Serinin isminden de anlaşılacağı gibi olaylar farklı zaman dilimlerinde gelişiyor. Zaman yolculuğu yapabilen gençlerimiz var. Bunlardan biri on altı yaşındaki Gwendolyn. Londra'da ailesiyle beraber yaşıyor. Hatta gıcık bir ailesi var. Gıcık diyorum çünkü gerçekten okurken sinir ettiler. Niye mi ? Bu ailede on iki zaman yolcusundan biri olma adayı olan biri var. Gwen'in kuzeni Charletto olduklarını sanıyorlar ama elbette tahmin ettiğiniz gibi Gwendolyn'dur. Baya olaylar oluyor. Bunun sonucunda ailesine baya gıcık olacaksınız. Neyse, efenim. Çok detaylara girmeyeceğim ama kurgu biraz kafanızı karıştırabilir. En özet halinde şöyle diyeyim; Gwendolyn ve bir diğer zaman yolcusu Gideon (yeşil gözler, omuzlara gelen saçlar ve göz devirici hareketler kalp ben) bir görev nedeniyle geçmişe gidiyorlar. Ama önlerine her defasına bir engel çıkıyor. Ve zamanda yolculuk etmek de öyle kolay bir şey değil. Düşünsenize, buradan aniden kaybolup, 1950'lerin Londra'sının ortasına löp diye çıkıyorsunuz. İnsanların tepkilerini hayal edin. Ya da belki de bir yangının içinde belireceksiniz. Ya da tam savaşın ortasında... Böyle sorunlar olmasın diye de bir çözümleri var. Ama işte bu çözümden dolayı geçmişte bir karışıklık olmuş ve şimdi de o sorunu çözmeye çalışıyorlar. Kahramanlarımız Giden ve Gwendolyn. Aralarındaki uyum şahane. Valla bak. Zıtlaşmalar, göz devirmeler, ters cevaplar, açıklarını kollamalar... Bayıldım! :D

Konunun geneli böyle ama okumadan olmaz elbette. Her karakterden bahsetmedim ki şimdi aklıma geldi. Gwendolyn, etrafta kimsenin göremediği hayaletleri görebiliyor. Robert isminde bir hayalet var. Şimdiden favori karakterim oldu. Sırf onun için bile okuyun derim. :D Gerçekten Gwen'in hayaletlerle konuşması ayrı bir komedi oluyor.

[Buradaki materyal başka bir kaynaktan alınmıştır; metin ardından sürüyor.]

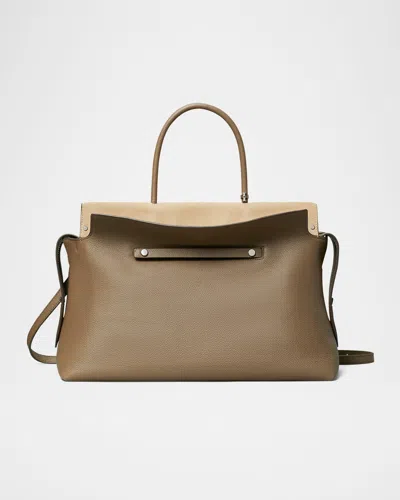 Tory Burch Mercer Large Pebbled Leather Satchel Bag In Wild Mushroom/gold Pebbled Leather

Sonracığıma... Zaman konulu kurguyuları sevdiğim için serinin ilk kitabını sevdim. Bazen gereksiz diyaloglarla karşılaştım. Ama kitap süper akıcı. Cidden. Yazarın hayal dünyası ilginç ve sürükleyici. Hele Yakut Kırmızı öyle bir bitti ki ikinci kitap gözümün önünde adeta "gel beni oku" diyor ama ne yazık ki kendimi kaptıramam.

Son olarak, bu seriyi Alman bir yazar yazmış. İlk kitabın filmi de mevcut internette. Fragmanını izledim ve filmi de izlemeye karar verdim ama tüm seriyi okuduktan sonra izleyeceğim.
Şimdilik bu kadar. Sıradaki kitap ne olacak bilmiyorum. Bekleyelim bakalım.